Von Maur in Westroads Mall at Omaha, Neb., is her favorite store, and she can be found there most Wednesdays for markdown day.

Knowing she came so close to being there when the shooting happened made her angry and uncomfortable, she said. And at least for now, it has made her hesitant to go back.

"Von Maur is honestly the only store I ever go to - it always has everything I want," she said, adding "I don't know if I'll go next week."

She said a mall like Westroads has too many entrances to make protecting against a gunman practical.

Michael McCracken, who has a Bloomington home but works as sales director for Westin Foods in Omaha, owned a restaurant at Bloomington's Eastland Mall for 15 years. He said it's not realistic to try to prevent such an incident in a place like Westroads, a three-story mall with more than 135 stores.

Still, people should remember that they are generally safe at malls and other public places, he said.

"People are going to go to malls tomorrow - and they should be," he said.

McCracken said mall store managers form a family of sorts, sharing concerns ranging from marketing to security.

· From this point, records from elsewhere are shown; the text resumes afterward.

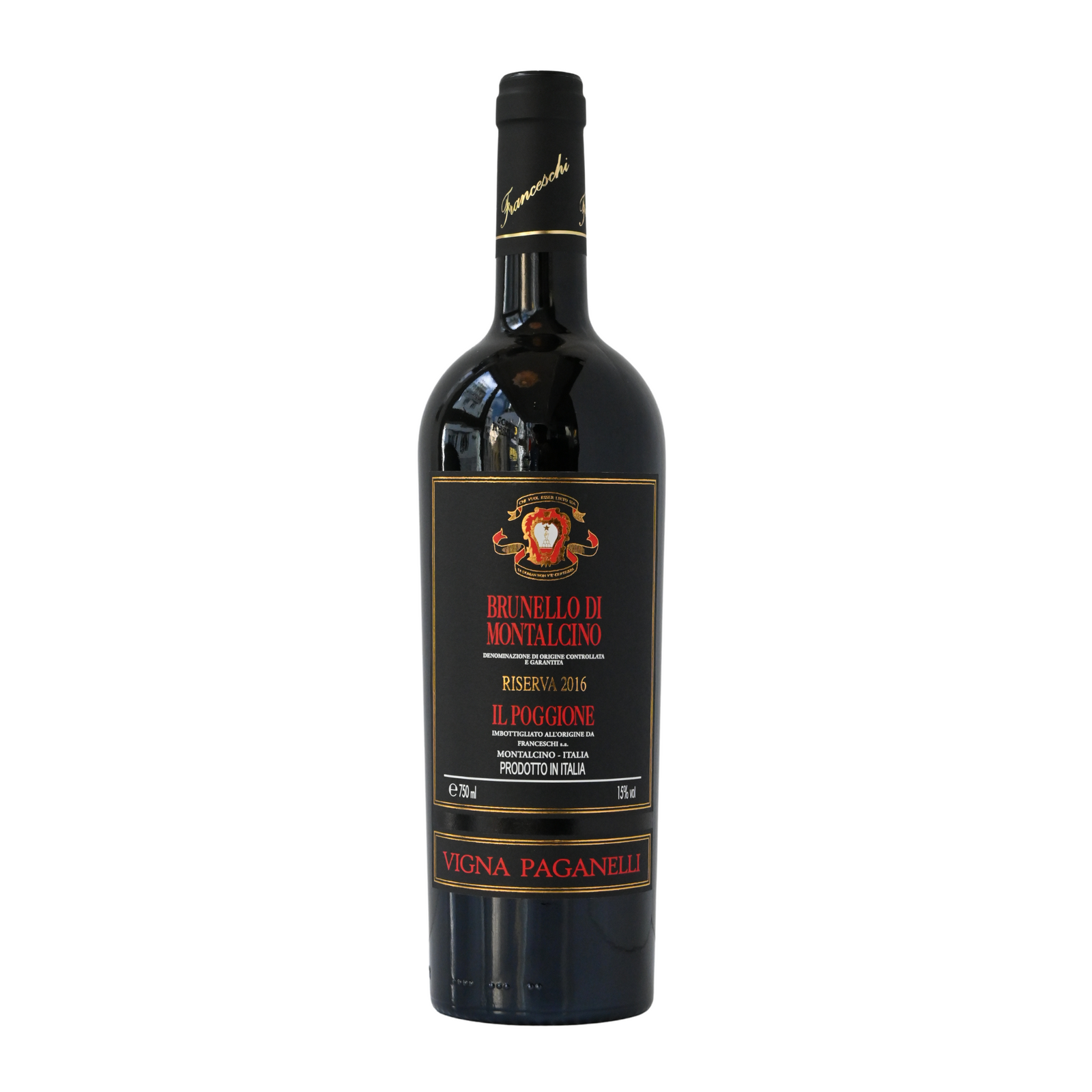 Il Poggione Brunello di Montalcino Riserva Vigna Paganelli DOCG 2016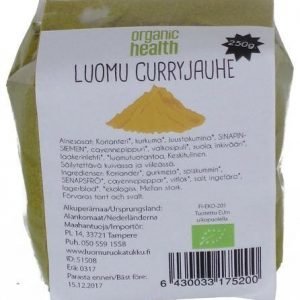 Organic Health Luomu Curry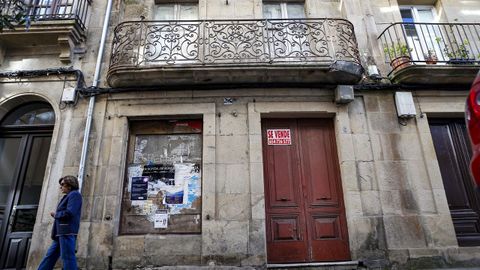 Vivienda en venta dentro del �mbito del casco hist�rico de Noia.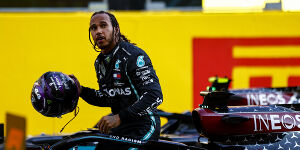 Foto zur News: Lewis Hamilton ausgelaugt: &quot;Als wäre ich drei Rennen an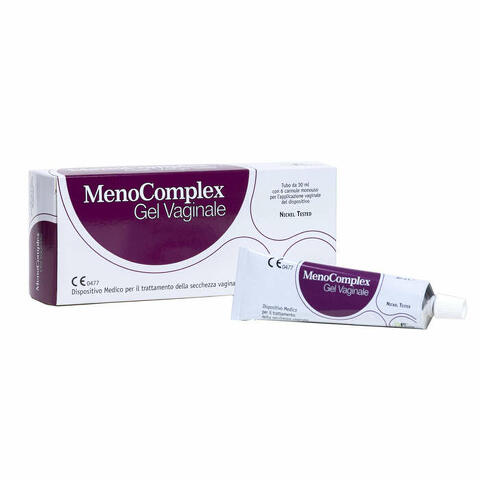 Menocomplex gel vaginale tubo 30ml + 6 applicatori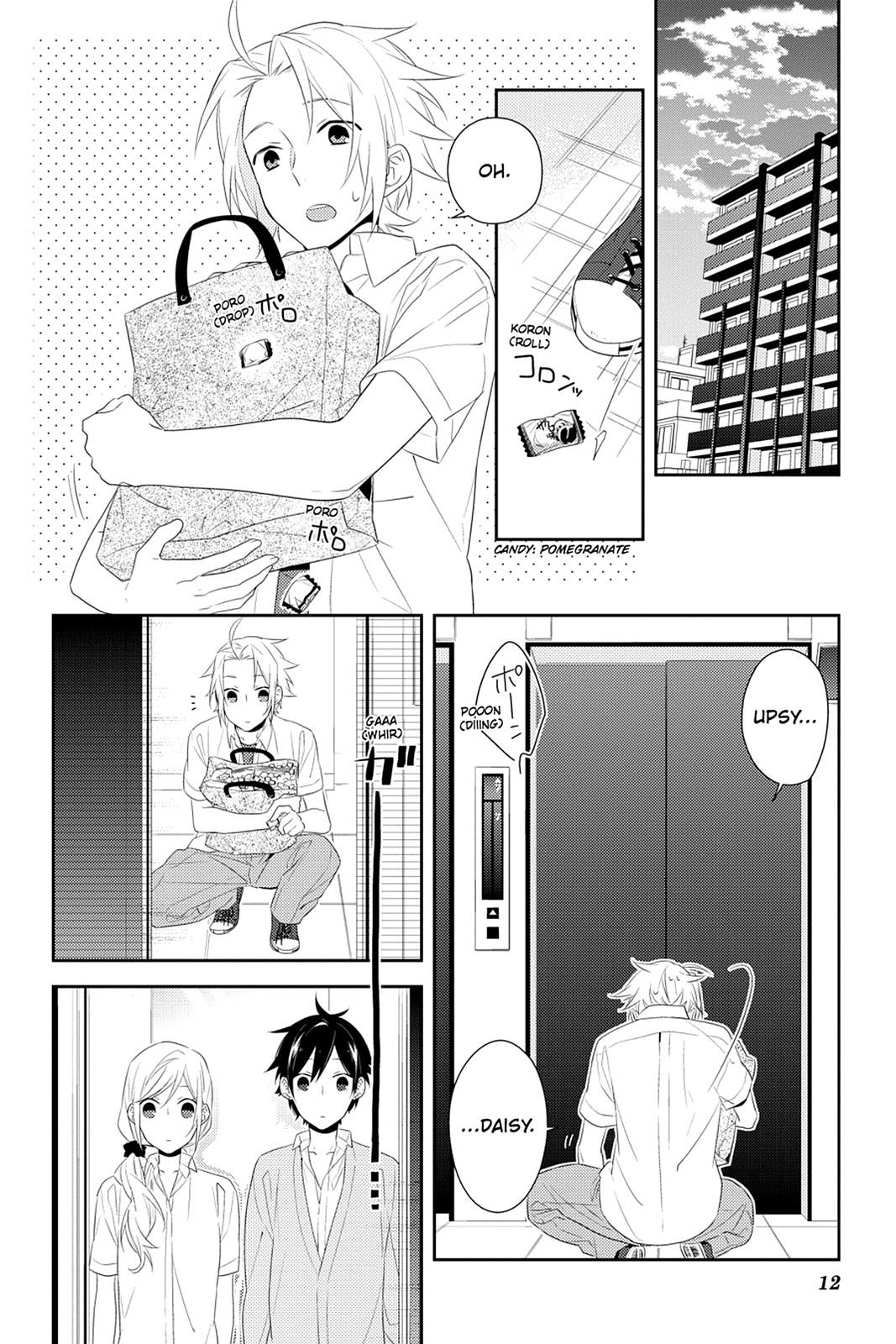 Horimiya Chapter 27 - Page 13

"It was so innocent" he said of their security concerns years ago.

The modern focus on safety is reflected in how Eastland - Bloomington-Normal's only indoor shopping center - handles security these days.

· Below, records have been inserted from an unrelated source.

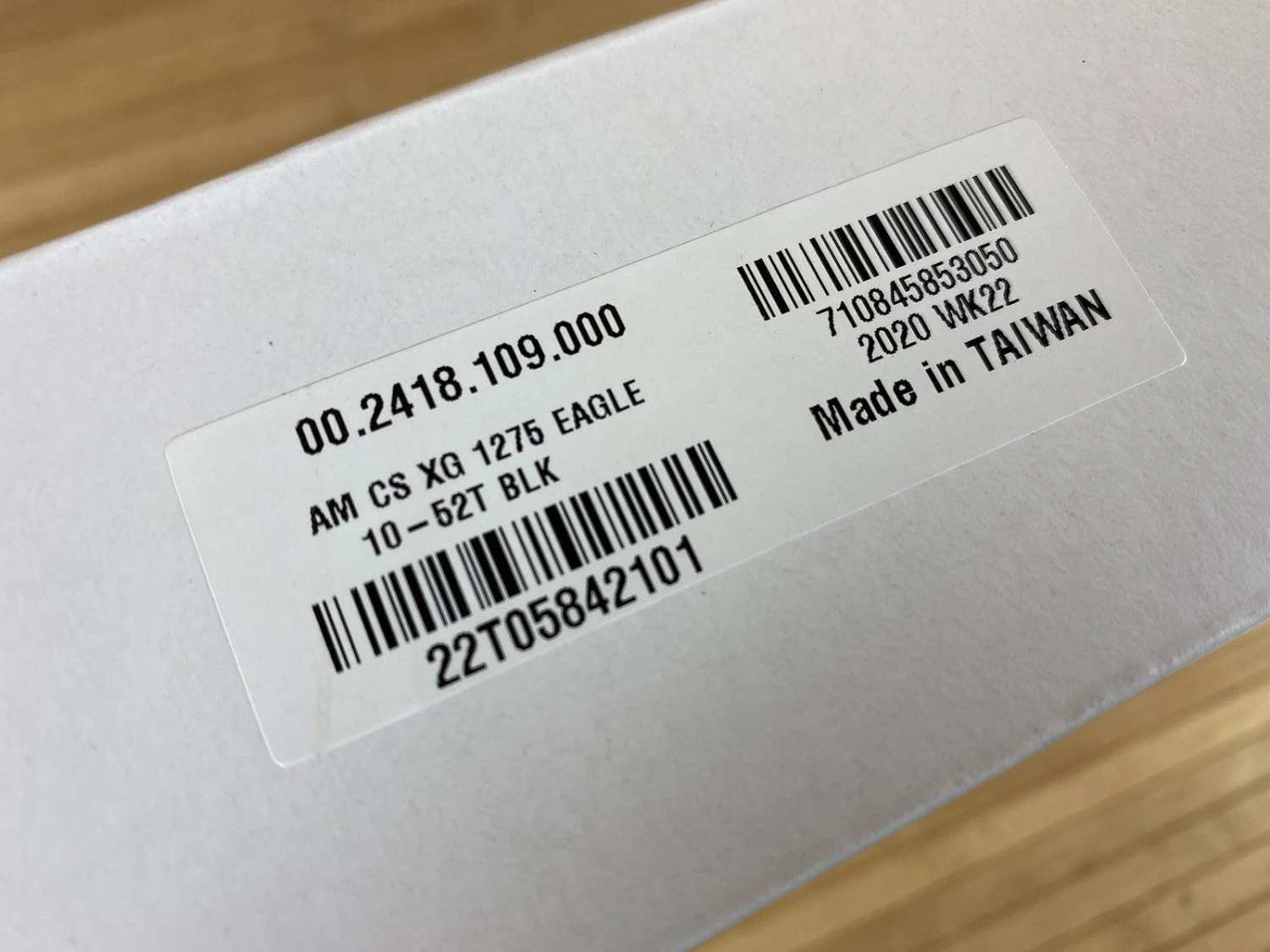 SRAM GX Eagle Kassette 12-fach XG-1275 10-52T 7 SRAM GX Eagle Kassette 12-fach XG-1275 10-52T – Bild 5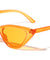 Crystal Color Cat Eye Sunglasses Wholesale
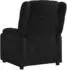 vidaXL Massagesessel Elektrisch Schwarz Kunstleder (3205143)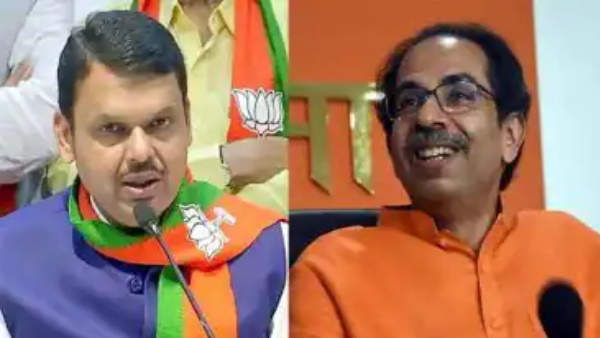 हिंदुत्व के मुद्दे पर शिवसेना पर निशाना 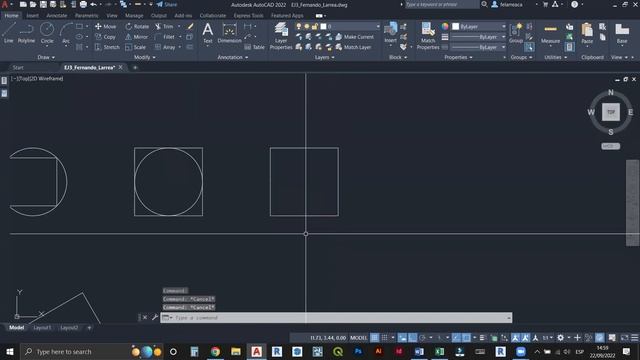 CLASE 3: Interfaz, Herramientas y Comandos 2D. Parte 2 смотреть онлайн
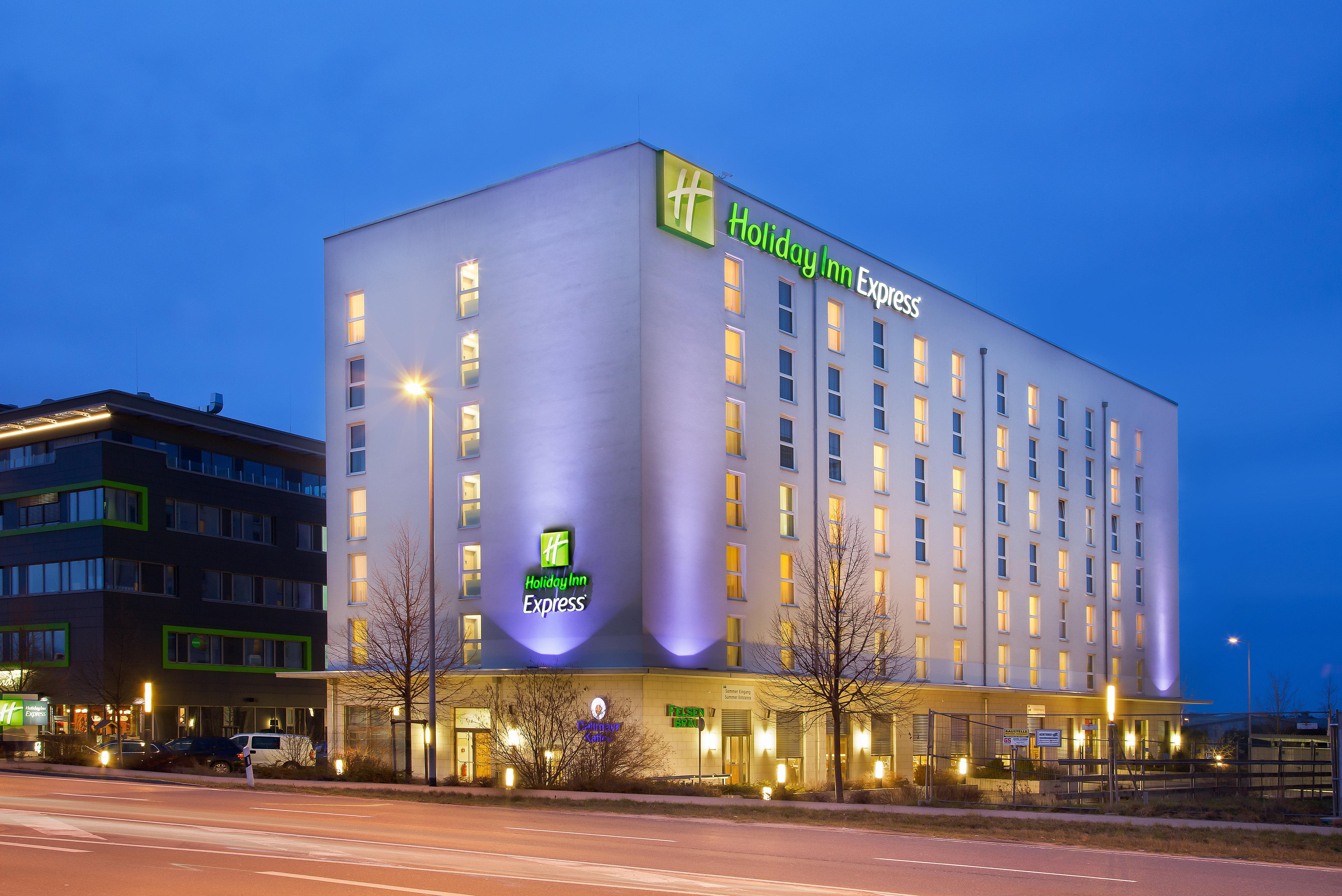 Holiday Inn Express Nuernberg-Schwabach Dış mekan fotoğraf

Gayle Gleespen, marketing director for Eastland, said her mall has security guards who drive through parking lots and roam on foot throughout the building.

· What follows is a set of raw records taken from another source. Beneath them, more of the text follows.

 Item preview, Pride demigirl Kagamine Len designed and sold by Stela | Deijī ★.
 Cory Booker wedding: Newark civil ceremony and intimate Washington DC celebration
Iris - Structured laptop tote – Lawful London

"We have interior and exterior security 24/7," Gleespen said.

Security staff would be the first to arrive if a shooting or other emergency happened, Gleespen said. City police would be called, and the security staff would try to keep the situation isolated and keep shoppers and mall employees safe, she said.

Efforts to reach management at Normal's Von Maur and the Shoppes at College Hills, an outdoor shopping complex where it is located, were unsuccessful Wednesday.

As for Elliott, she happened to be half a mile away from the Westroads Mall on Wednesday, buying gifts for clients of her interior design business when the gunfire began.

"When I came out at 1:45 p.m., everything was so surreal," she said. "The traffic and the overhead helicopters and the people running around and the police cars and the ambulances."

She initially thought it had something to do with President Bush being in Omaha that day, but then she found out about the shooting.

Elliott, former co-owner of Gracious Affairs, a bistro and catering business in the Twin Cities, also couldn't shake the feeling that she almost was there.

"It makes me very angry. It is just horrible," she said Wednesday evening. "It makes me uncomfortable."